Uefa's new financial fair play rules, aimed at ensuring clubs in European competition only spend what they earn, are due to come into force from next season though they will be introduced gradually. Last year Premier League clubs spent pounds 450million but this summer the total sum could be down by 25%. Meanwhile, January saw only pounds 30million spent - the lowest figure since the mid-season window was introduced in 2003.

Platini said: "For years and years we were in total anarchy but the clubs asked for the rules because they knew they could not continue.

"We can see already that the clubs are spending less as they look to balance their books.

"This is because the first time the breakeven rule will kick in is in the coming year, the 2011/2012 season.

"It's very soon and this means that the strategy to say 'I can now go and spend hundreds of millions' doesn't work because we will see it in two years at the latest.

"Transfers have not been as crazy as in the last few years, they are pulling up their socks and the clubs are making special efforts to comply with the rules."

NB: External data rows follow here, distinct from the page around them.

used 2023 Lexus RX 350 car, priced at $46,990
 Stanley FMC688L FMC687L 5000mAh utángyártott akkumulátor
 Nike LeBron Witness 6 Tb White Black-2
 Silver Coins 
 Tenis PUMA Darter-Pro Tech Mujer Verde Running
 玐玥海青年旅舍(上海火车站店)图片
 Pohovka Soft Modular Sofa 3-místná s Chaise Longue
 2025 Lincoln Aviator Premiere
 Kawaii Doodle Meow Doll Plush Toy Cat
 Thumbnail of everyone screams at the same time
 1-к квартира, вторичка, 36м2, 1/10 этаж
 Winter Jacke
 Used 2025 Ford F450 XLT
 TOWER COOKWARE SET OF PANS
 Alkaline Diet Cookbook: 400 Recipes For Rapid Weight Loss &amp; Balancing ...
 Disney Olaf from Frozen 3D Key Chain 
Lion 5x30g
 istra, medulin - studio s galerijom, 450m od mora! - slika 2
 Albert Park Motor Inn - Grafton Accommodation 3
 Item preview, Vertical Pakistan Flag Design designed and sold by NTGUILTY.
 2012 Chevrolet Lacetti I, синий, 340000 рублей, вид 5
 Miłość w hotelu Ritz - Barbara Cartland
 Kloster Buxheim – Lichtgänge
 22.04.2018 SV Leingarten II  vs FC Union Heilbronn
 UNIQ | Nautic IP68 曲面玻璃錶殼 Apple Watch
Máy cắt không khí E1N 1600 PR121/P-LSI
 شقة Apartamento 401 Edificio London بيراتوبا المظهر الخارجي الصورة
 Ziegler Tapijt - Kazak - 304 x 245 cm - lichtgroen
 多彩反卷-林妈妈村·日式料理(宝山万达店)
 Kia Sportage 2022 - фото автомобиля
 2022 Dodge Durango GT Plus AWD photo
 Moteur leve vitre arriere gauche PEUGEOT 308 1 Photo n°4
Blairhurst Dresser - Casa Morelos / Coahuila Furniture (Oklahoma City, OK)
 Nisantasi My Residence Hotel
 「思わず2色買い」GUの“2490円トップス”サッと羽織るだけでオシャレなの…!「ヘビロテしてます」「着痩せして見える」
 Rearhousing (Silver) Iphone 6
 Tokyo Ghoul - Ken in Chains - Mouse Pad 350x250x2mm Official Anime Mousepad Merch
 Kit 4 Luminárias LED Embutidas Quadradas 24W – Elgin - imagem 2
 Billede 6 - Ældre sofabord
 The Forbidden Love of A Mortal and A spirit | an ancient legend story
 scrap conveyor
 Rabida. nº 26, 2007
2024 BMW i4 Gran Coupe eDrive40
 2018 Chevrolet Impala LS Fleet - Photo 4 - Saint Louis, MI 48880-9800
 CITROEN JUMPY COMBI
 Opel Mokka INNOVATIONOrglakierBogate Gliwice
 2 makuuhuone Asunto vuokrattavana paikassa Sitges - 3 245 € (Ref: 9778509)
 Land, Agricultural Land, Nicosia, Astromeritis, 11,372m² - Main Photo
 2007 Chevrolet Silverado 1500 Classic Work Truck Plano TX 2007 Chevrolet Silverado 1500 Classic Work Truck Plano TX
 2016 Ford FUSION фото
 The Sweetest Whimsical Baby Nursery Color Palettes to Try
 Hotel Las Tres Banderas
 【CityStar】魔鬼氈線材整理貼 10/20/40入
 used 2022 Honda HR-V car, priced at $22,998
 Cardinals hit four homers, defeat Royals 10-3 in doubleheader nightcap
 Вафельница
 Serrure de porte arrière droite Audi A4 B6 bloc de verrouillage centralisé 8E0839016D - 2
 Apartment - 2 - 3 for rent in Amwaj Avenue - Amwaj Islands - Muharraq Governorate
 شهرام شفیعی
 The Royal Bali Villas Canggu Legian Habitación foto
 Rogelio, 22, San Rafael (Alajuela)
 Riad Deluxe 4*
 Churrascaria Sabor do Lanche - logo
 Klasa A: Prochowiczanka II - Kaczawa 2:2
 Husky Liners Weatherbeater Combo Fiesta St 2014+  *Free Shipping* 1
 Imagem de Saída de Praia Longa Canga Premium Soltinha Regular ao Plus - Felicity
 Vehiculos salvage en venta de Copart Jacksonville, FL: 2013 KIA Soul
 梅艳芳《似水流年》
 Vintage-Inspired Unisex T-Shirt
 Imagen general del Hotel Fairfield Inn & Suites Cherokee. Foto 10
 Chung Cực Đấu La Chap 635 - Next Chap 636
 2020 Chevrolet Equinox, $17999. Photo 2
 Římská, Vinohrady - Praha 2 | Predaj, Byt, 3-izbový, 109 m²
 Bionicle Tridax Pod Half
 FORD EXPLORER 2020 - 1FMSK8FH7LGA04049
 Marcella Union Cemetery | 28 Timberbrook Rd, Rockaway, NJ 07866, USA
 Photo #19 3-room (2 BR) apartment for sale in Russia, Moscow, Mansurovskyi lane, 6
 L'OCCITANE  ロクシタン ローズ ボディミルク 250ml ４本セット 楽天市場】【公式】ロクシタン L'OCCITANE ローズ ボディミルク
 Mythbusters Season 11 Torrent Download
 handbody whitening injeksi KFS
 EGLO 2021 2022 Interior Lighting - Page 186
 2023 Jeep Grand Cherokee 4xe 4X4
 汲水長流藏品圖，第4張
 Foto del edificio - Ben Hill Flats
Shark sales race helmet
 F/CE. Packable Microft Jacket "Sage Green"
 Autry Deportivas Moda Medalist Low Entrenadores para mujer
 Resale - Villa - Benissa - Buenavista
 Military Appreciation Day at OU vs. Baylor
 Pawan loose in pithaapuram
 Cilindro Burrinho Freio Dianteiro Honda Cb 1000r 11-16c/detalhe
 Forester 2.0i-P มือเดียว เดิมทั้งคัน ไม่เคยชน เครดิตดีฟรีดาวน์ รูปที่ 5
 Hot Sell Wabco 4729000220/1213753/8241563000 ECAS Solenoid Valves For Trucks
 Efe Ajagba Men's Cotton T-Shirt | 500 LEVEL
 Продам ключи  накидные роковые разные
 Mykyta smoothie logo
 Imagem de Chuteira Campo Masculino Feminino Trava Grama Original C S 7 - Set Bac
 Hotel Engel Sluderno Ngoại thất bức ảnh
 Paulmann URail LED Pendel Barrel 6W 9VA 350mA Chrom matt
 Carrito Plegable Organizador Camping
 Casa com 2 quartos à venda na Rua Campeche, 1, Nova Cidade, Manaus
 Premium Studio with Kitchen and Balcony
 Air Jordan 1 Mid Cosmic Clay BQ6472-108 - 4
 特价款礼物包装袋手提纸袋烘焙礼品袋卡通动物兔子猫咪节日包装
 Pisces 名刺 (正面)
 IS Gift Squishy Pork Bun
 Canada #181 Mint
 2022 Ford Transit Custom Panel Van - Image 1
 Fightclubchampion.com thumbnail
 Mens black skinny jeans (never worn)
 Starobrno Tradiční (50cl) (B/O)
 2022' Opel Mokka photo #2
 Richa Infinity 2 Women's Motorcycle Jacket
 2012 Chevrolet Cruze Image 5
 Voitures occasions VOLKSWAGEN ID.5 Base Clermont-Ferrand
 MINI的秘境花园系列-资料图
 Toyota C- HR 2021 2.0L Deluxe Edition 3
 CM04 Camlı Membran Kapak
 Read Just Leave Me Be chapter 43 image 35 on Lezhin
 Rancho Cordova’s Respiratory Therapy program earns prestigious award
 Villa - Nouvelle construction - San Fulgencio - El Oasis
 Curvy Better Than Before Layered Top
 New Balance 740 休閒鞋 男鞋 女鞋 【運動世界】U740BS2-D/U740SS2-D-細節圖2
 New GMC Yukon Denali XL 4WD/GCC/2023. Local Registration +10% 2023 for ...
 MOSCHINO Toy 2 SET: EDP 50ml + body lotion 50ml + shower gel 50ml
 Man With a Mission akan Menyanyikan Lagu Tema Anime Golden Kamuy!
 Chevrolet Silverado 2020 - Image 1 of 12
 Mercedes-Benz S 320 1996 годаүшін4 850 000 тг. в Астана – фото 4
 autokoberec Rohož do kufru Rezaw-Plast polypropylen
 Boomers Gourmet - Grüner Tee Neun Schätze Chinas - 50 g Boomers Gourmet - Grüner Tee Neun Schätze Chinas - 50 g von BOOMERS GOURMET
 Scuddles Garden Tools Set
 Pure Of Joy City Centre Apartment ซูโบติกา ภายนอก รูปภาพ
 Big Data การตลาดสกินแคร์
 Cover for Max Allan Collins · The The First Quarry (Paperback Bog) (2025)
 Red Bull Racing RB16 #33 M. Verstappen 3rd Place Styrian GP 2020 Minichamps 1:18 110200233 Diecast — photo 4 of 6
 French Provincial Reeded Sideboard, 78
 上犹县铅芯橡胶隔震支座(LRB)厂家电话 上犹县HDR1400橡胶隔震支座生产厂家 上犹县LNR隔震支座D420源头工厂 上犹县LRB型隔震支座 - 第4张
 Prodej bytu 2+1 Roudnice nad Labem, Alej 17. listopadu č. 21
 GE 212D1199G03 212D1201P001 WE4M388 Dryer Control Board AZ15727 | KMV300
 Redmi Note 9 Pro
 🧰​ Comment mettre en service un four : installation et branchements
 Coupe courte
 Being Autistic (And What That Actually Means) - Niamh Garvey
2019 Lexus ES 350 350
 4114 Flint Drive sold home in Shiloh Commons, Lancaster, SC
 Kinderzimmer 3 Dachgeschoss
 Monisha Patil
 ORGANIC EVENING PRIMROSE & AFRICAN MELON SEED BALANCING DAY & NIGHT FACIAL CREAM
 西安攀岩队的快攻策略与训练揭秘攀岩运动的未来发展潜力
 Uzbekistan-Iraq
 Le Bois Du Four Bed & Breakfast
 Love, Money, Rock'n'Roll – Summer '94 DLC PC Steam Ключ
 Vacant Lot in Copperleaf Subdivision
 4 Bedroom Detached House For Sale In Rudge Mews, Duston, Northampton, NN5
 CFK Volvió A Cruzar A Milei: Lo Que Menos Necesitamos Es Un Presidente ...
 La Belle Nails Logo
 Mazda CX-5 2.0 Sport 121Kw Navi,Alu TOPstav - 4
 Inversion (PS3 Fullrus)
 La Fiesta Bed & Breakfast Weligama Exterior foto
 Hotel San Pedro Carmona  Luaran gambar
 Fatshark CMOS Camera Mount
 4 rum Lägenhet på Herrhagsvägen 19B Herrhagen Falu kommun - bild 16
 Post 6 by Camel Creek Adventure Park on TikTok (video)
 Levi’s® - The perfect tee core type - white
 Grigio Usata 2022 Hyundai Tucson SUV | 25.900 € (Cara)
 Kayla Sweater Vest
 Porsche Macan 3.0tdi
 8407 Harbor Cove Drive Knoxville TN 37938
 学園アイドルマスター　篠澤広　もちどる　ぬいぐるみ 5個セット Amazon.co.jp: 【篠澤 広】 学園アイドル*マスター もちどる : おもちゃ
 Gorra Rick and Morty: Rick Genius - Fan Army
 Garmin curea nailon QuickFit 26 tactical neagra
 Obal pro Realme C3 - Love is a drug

Manchester City look to have the most to fear from the new rules given their current turnover and wage bill, but there will be some leeway for the first six years.

Owners will be allowed to inject EUR15million (pounds 12.3m) a year into clubs up until 2015, and then EUR10million (pounds 8.2m) until 2018, but the cash cannot be a loan.

Uefa general secretary Gianni Infantino confirmed: "In 2018 we will assess it and the objective is to go further down. …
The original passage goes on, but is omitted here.